Próba pobicia rekordu rozpoczęła się o godz. 12.45 i trwała 5 minut. W tym czasie wszyscy uczestnicy musieli nieprzerwanie odbijać piłkę jedną ręką. Dopuszczalne było wypadnięcie piłki i ponowne rozpoczęcie kozłowania. Po zakończeniu próby każdy z uczestników otrzymał specjalny certyfikat potwierdzający wzięcie udziału w próbie pobicia rekordu, a także mógł zatrzymać piłkę.

Reklama

Najwięcej osób zjawiło się przed katowickim spodkiem. W stolicy Śląska w imprezie wzięło udział 6528 osób. W Łodzi bawiło się 5300 osób, na wrocławskim Rynku 4816, w Warszawie 4136, w Poznaniu 2700, w Bydgoszczy 3000, a w Gdańsku 1500.

"Po raz pierwszy w życiu widziałem tak wiele osób kozłujących piłkę. Naprawdę było fajnie.
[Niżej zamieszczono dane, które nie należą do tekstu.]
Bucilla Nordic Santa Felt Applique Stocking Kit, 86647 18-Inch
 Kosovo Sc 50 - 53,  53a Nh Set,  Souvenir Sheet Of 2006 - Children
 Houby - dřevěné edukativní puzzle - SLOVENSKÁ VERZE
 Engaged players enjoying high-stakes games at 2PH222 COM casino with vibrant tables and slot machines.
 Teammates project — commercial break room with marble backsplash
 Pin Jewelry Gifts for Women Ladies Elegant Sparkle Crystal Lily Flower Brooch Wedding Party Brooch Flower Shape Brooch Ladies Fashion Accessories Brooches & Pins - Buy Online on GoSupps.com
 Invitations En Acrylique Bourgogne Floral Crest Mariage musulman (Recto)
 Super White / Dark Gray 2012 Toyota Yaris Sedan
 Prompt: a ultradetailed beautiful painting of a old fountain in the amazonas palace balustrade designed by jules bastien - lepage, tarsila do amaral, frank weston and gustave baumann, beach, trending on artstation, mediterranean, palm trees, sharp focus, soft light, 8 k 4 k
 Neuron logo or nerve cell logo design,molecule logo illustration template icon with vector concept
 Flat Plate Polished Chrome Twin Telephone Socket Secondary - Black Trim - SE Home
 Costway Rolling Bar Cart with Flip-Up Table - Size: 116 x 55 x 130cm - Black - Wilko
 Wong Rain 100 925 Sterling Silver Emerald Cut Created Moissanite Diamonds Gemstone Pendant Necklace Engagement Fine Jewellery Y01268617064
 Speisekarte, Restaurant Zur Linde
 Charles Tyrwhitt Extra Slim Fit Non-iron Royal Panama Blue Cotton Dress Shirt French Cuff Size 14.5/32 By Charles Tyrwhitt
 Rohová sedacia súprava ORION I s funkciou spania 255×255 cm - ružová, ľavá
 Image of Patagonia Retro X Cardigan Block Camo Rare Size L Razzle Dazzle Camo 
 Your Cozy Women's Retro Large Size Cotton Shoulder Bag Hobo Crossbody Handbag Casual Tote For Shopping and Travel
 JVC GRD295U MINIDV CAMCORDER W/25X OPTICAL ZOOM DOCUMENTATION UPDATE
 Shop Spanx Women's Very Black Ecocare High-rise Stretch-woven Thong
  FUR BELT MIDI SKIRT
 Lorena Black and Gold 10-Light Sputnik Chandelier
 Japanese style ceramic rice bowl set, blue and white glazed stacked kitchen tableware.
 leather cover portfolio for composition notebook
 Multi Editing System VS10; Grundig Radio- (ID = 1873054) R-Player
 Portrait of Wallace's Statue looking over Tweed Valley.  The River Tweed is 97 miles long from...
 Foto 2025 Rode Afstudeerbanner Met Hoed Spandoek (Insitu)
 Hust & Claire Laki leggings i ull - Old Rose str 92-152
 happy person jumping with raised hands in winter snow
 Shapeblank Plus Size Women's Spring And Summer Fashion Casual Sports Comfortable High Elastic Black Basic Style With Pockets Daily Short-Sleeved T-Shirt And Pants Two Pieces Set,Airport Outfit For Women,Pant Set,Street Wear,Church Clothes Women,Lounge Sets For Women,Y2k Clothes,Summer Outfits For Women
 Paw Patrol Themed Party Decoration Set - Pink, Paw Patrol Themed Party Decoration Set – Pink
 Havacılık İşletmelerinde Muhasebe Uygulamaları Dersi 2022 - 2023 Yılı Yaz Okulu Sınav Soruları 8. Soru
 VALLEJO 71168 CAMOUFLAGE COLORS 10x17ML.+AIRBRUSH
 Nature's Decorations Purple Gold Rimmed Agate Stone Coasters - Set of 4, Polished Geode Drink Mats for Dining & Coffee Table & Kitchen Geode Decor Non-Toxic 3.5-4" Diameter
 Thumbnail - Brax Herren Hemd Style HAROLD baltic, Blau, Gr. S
Nie spodziewałem się, że tak dużo osób będzie chciało zrobić sobie ze mną zdjęcie, wziąć autograf. Wiem, że im bliżej mistrzostw Europy, tym zainteresowanie kibiców nie tylko moją osobą, ale koszykówką, będzie wzrastać. Muszę się na to przygotować" - powiedział rozgrywający reprezentacji Polski Łukasz Koszarek.

Próba pobicia rekordu była jednocześnie rozpoczęciem wspólnej akcji Polskiego Związku Koszykówki, Komitetu Organizacyjnego EuroBasket 2009 Poland i Międzynarodowej Federacji Koszykówki, przekazania 170 tys. piłek do koszykówki szkołom i towarzystwom sportowym.

Reklama

Mistrzostwa Europy koszykarzy rozegrane zostaną od 7 do 20 września 2009 r.